Nintendo-Aktie unter Druck: Preiserhöhungen und schwache Spielepipeline belasten
Enttäuschender Jahresausblick und Preiserhöhungen für die Switch 2 verunsichern Anleger und belasten die Nintendo-Aktie.

Nintendo hat für das im März abgelaufene Geschäftsjahr robuste Hardware-Verkäufe gemeldet. Doch der Ausblick auf das laufende Jahr enttäuschte den Markt deutlich. Trotz der für das Unternehmen typisch konservativen Prognosen reichten die Ankündigungen nicht aus, um das Vertrauen der Investoren zu gewinnen.
Besonders kritisch bewertet der Markt die Spielepipeline für die Nintendo Switch 2. Zwar konnte das in Kyoto ansässige Unternehmen den Lebenszyklus der ursprünglichen Switch mit Titeln aus Franchises wie „The Legend of Zelda" verlängern, und auch „Pokemon Pokopia" verzeichnete Erfolge. Dennoch sehen Analysten einen Mangel an potenziellen Blockbustern für das laufende Jahr.
„Der Rückgang der Prognose für die Spieleauslieferungen im Vergleich zum Vorjahr birgt das Risiko, ein mangelndes Vertrauen Nintendos in seine Pipeline zu signalisieren", schrieb Morningstar-Analyst Kazunori Ito in einer Mitteilung. Er fügte jedoch hinzu: „Da sich das Nutzerengagement im zweiten Jahr eines Konsolenzyklus jedoch üblicherweise beschleunigt, halten wir dies für zu pessimistisch."

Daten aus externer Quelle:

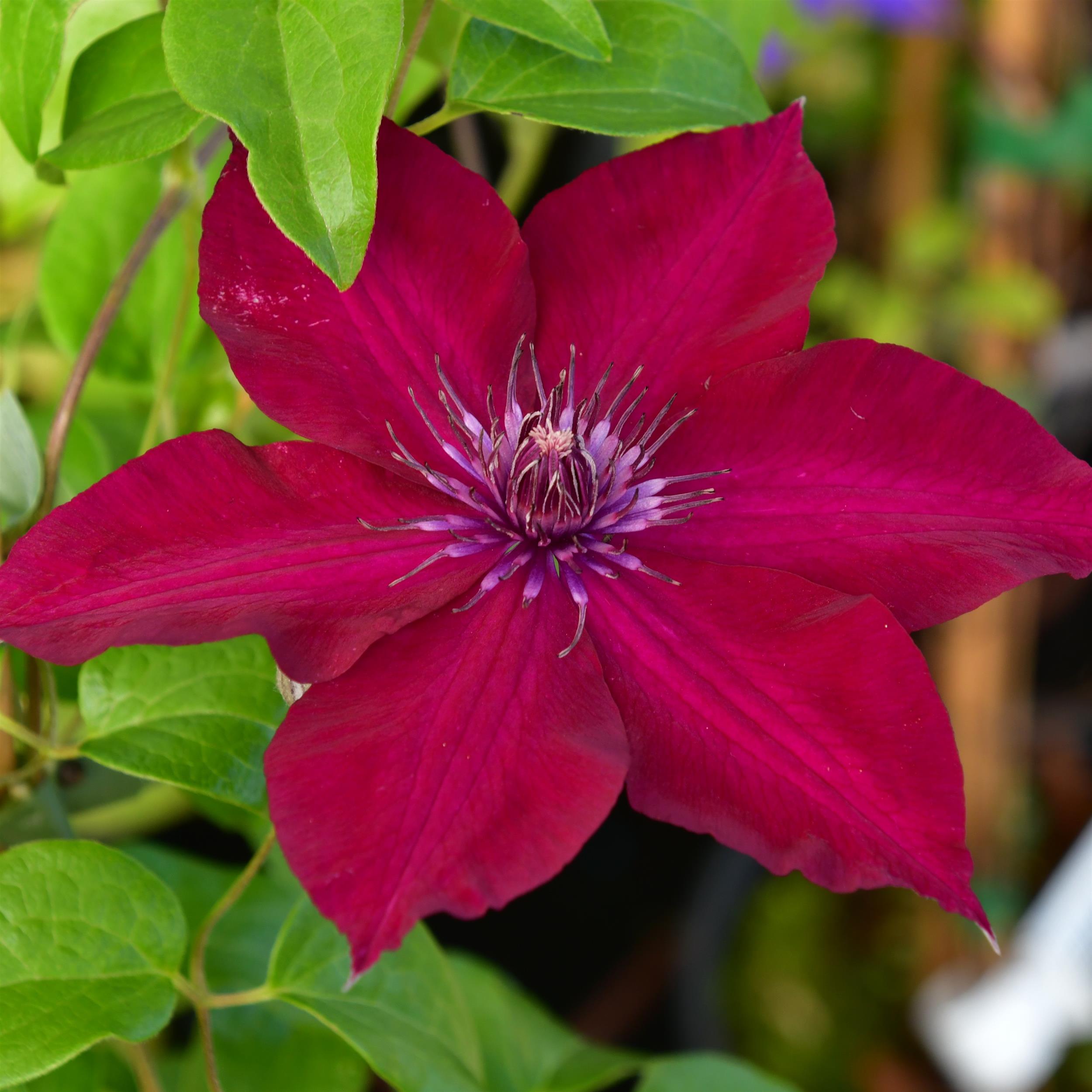 Clematis hyb. ´Nubia Evipo079`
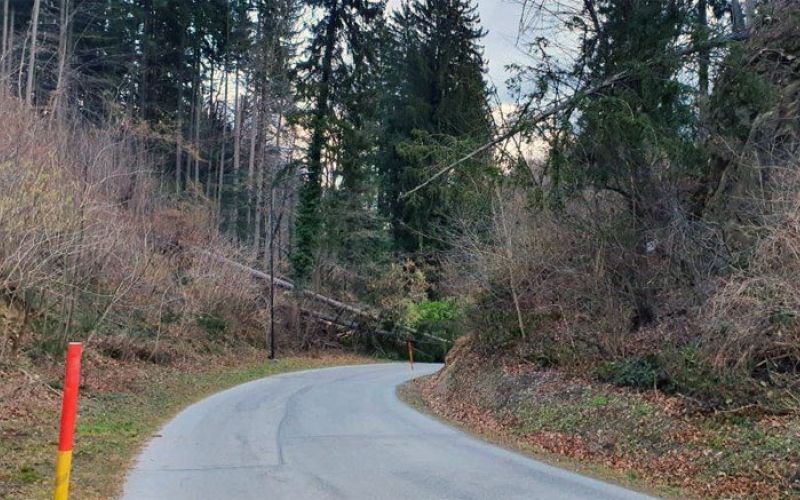 ljubljanska-drevo-podrto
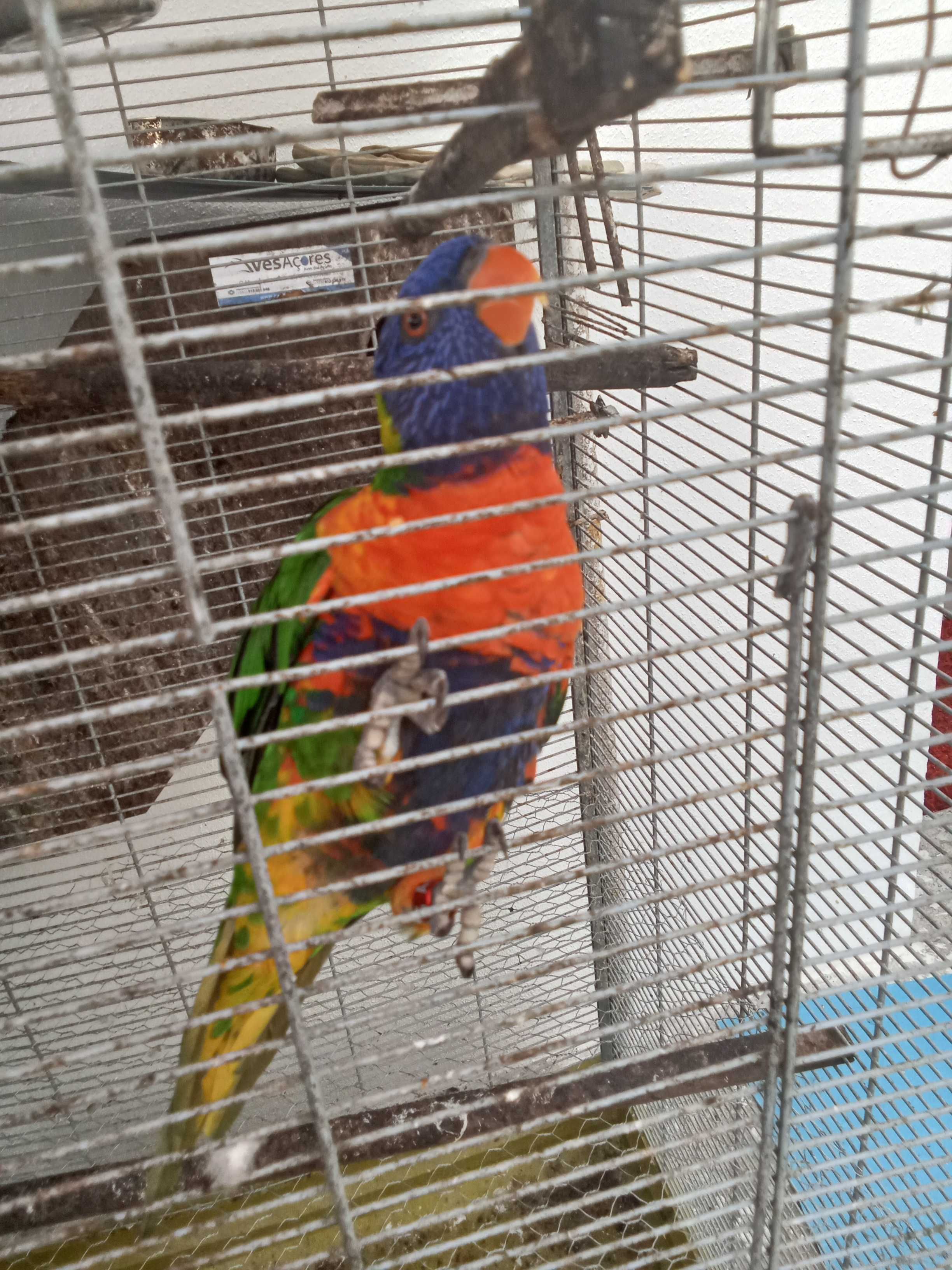 Vendo casal loris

Preiserhöhungen treffen preissensibles Publikum
Nintendo kündigte zudem Preiserhöhungen für die Switch 2 an. Das japanische Modell soll ab dem 25. Mai um 10.000 Yen – umgerechnet rund 63,73 US-Dollar – auf 59.980 Yen teurer werden. In Märkten wie den USA sollen die Preise ab dem 1. September angehoben werden. Die Erhöhungen kommen zu einem ungünstigen Zeitpunkt: Elektronikhersteller kämpfen derzeit mit einem Preisanstieg bei Speicherchips, was die Produktionskosten in die Höhe treibt.

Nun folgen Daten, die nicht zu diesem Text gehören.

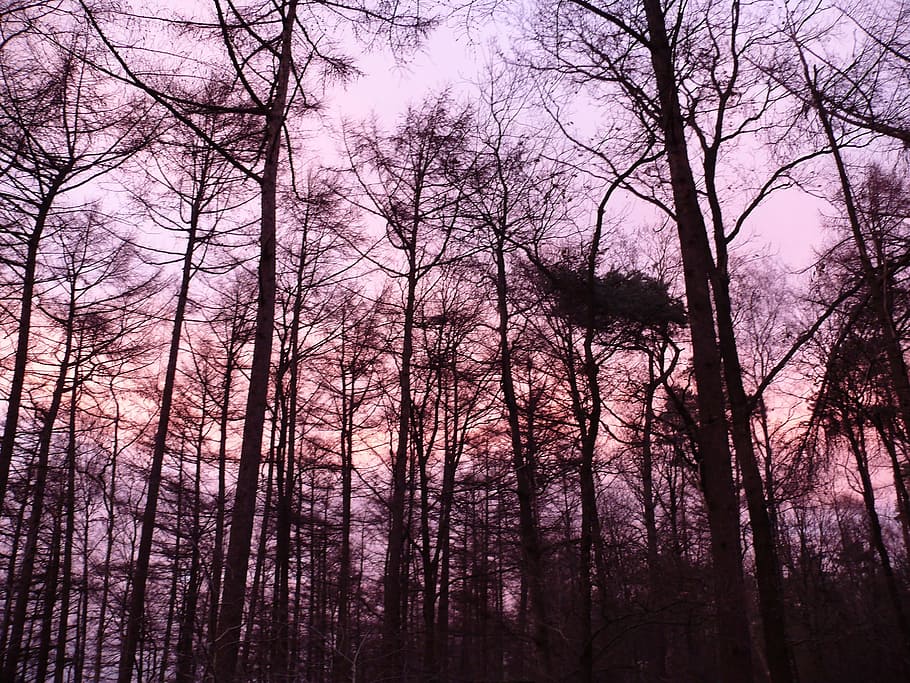 forest, sunset, purple, tree, plant, bare tree, trunk, tree trunk HD wallpaper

Das ist besonders heikel, weil Nintendo traditionell ein Publikum von Gelegenheitsspielern anspricht, die als besonders preissensibel gelten. Höhere Einstiegspreise könnten potenzielle Käufer abschrecken und die Verkaufszahlen belasten.

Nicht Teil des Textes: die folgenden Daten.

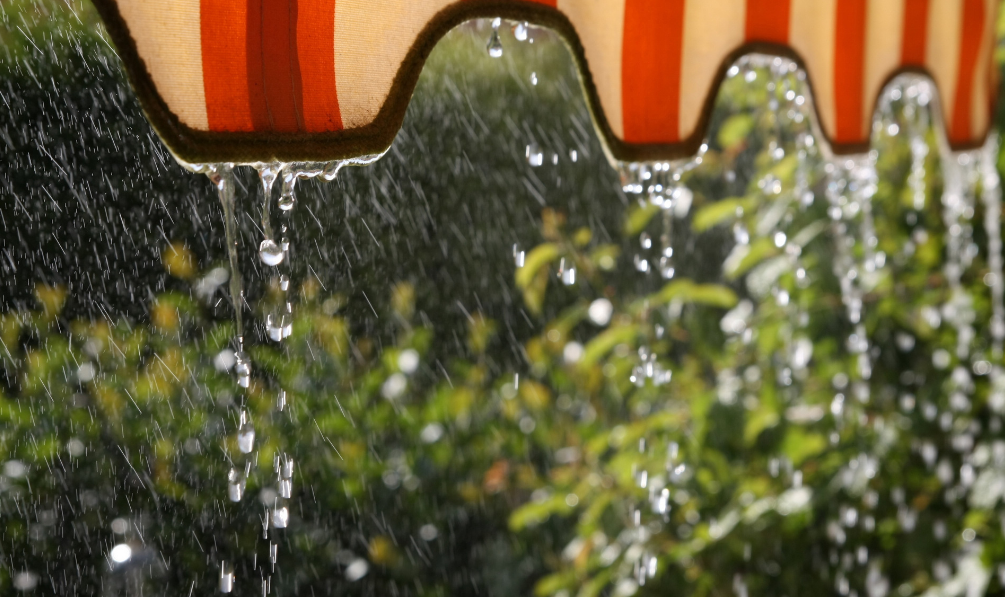 走进夏日的雨，有关夏日雨的古诗词，清凉了整个夏天！(图3)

Jefferies-Analyst Atul Goyal sieht die Lage dennoch nicht so düster. „Das zweite Jahr ist entscheidend, und unsere von der allgemeinen Meinung abweichende Einschätzung ist, dass in diesem Jahr ein Mario-AAA-Spiel veröffentlicht wird", schrieb er in einer Mitteilung. Er verwies zudem auf Nintendos Prognosehistorie: „Die Messlatte für die Prognose liegt bewusst niedrig – Nintendo hat die ursprüngliche Prognose für das Betriebsergebnis in jedem der vergangenen vier Geschäftsjahre übertroffen."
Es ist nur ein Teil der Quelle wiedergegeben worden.